The organisations involved will include (for example)
Group 4; adoption societies; tax and debt collectors on behalf
of local authorities, organisations carrying out functions under
the Deregulation and Contracting Out Act.
2. How will privatised utilities be defined?
3. Will utilities which have never been in
the public sector (for example some of the smaller water companies)
be included? If not, why not?
There are a number of possible definitions of utilities,
including organisations subject to the Windfall Levy, operating
under regulation, providing monopoly or near-monopoly services,
network companies or some combination of these. In addition, the
Government has now published its Green Paper on utility regulation,
which explores issues of ensuring openness in the utility companies
through their regulators. Perhaps surprisingly, the consultation
process involved some utility companies proposing a narrow definition
(to exclude themselves) but some a wider definition (to include
their entire industry on "a level playing field"). Ministers
have not yet taken a view on the precise extent of the provision.
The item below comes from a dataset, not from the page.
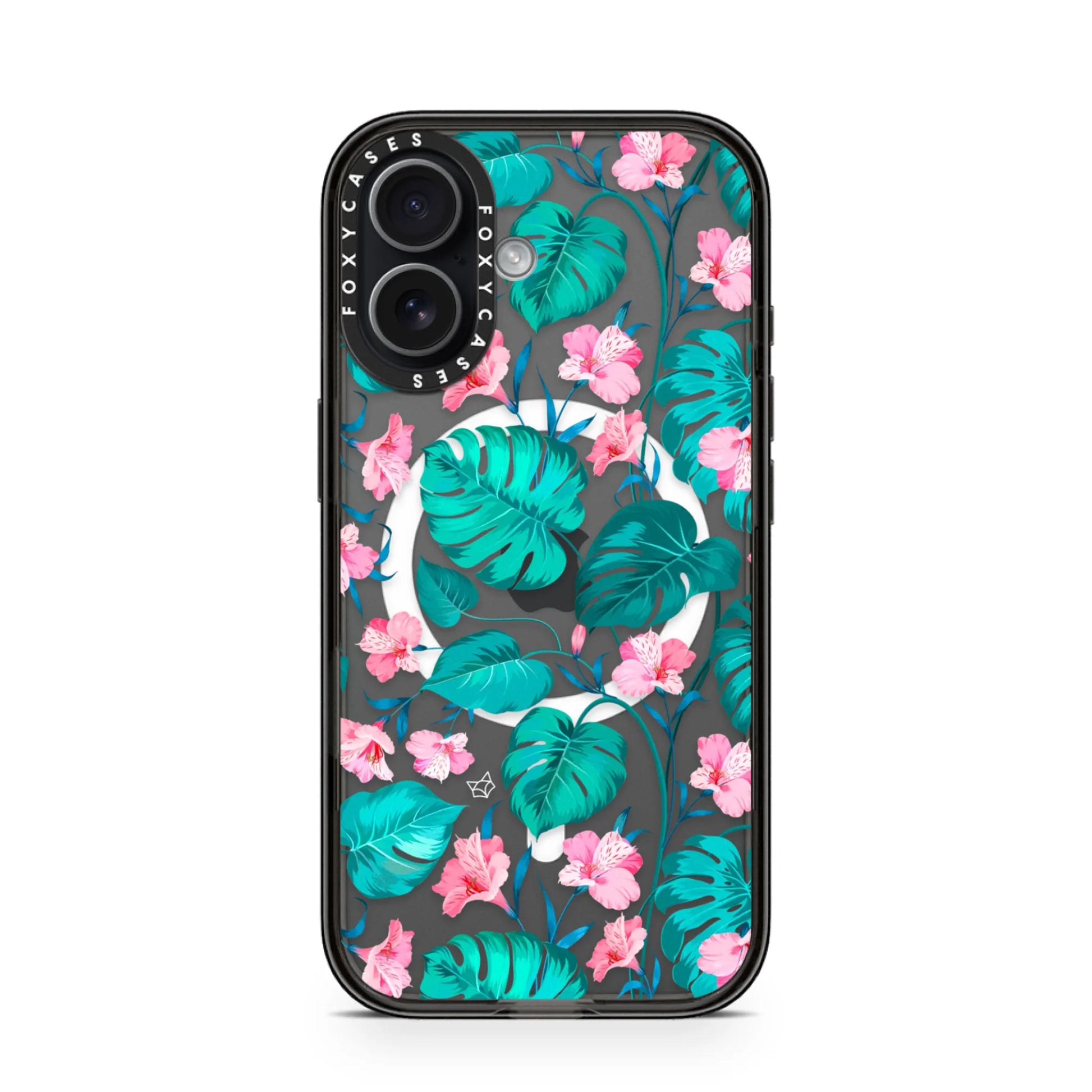 iPhone-17-Black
4. It is proposed that where the Act incorporates
and supersedes certain existing statutory access rights which
only give access to records after a specified date, there will
not be a fully retrospective right of access, as there will be
in the case of other records. Why is this necessary?
The proposal incorporated in the White Paper was
largely drafted to deal with the Access to Health Records Act
1990; it was thought not to be feasible to open up pre-1991 Health
records. But it had become clear that the Data Protection Act
will cover pre-1991 health records, thus opening up subject access
to them anyway. This is one instance of the expanding coverage
of Data Protection. At first it was thought that it would be possible
to leave Data Protection and Freedom of Information as overlapping
regimes; but now legal opinion took the view that overlap was
likely to result in too complicated a system for both applicant
and public authorities.
5. What rights of access to personnel files
currently exist, or will exist under the Data Protection Bill?
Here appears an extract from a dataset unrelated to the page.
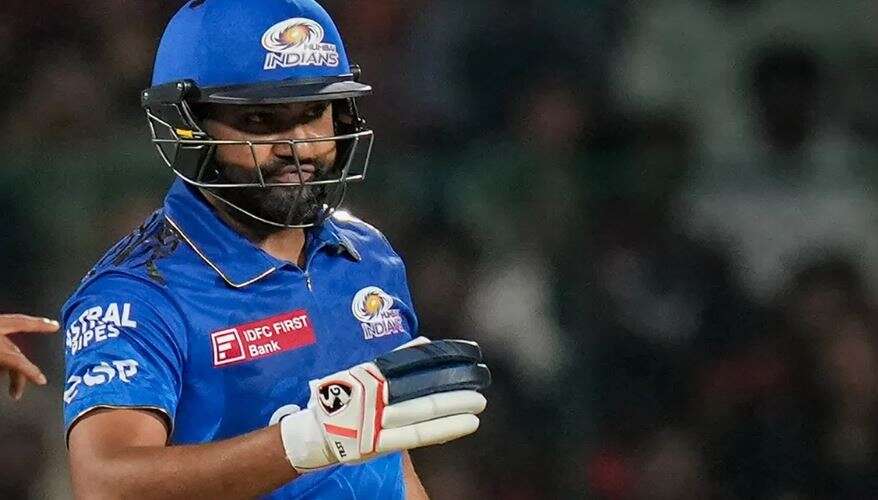 "rohit 0101011111" "rohit 0101011111111111211111" "rohit 0101011111111111211" "rohit 01010111111111112" 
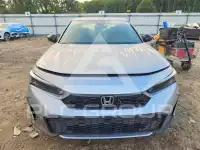 2026 Honda CIVIC фото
It's impossible to give a definite answer to the
second question at present. The legal interpretation of the Directive
and Act together is complex and depends on certain definitional
issues. The question of whether personnel files are covered by
the Bill is likely to depend on their nature and structure: at
least some will probably be covered.
6. How do you propose to distinguish between
administrative and law enforcement functions of the police and
other bodies? How will these be defined?
This is not too difficult in the case of the courts,
as there is a clear divide between the functions that are the
responsibility of the judiciary, and other functions which are
carried out by the administrative staff. It's more difficult in
the case of police, because all the functions are carried out
by police officers. One possibility under consideration is that
you simply exclude information relating to certain functions under
the law enforcement exclusion, thus rendering the administrative/other
functions distinction unnecessary.
7. The White Paper refers to the law enforcement
functions of the police, prosecutors, and 'other bodies', such
as the DSS and the Immigration Service. There are many other bodies
with such functions, including local authorities, and many quangos.
Dr Clark told the Committee in December that the exclusion
will not cover bodies responsible for enforcing environmental
or safety legislation. Can you give further details on which bodies
will be excluded in relation to law enforcement functions, and
which will not?
The bodies themselves are not going to be excluded
(Dr Clark's answer was to the proposition that the law enforcement
bodies would be excluded, not their functions); but the activity
or the functions concerned probably will be. A number of departments
have asked for exclusions for various regulatory functions - but
these will normally be covered by existing statutory prohibitions.
In that case, OPS took the view that an exclusion (as in paragraph
2.21 of the White Paper) was not needed: such functions would
simply need to continue with their current statutory bar to disclosure.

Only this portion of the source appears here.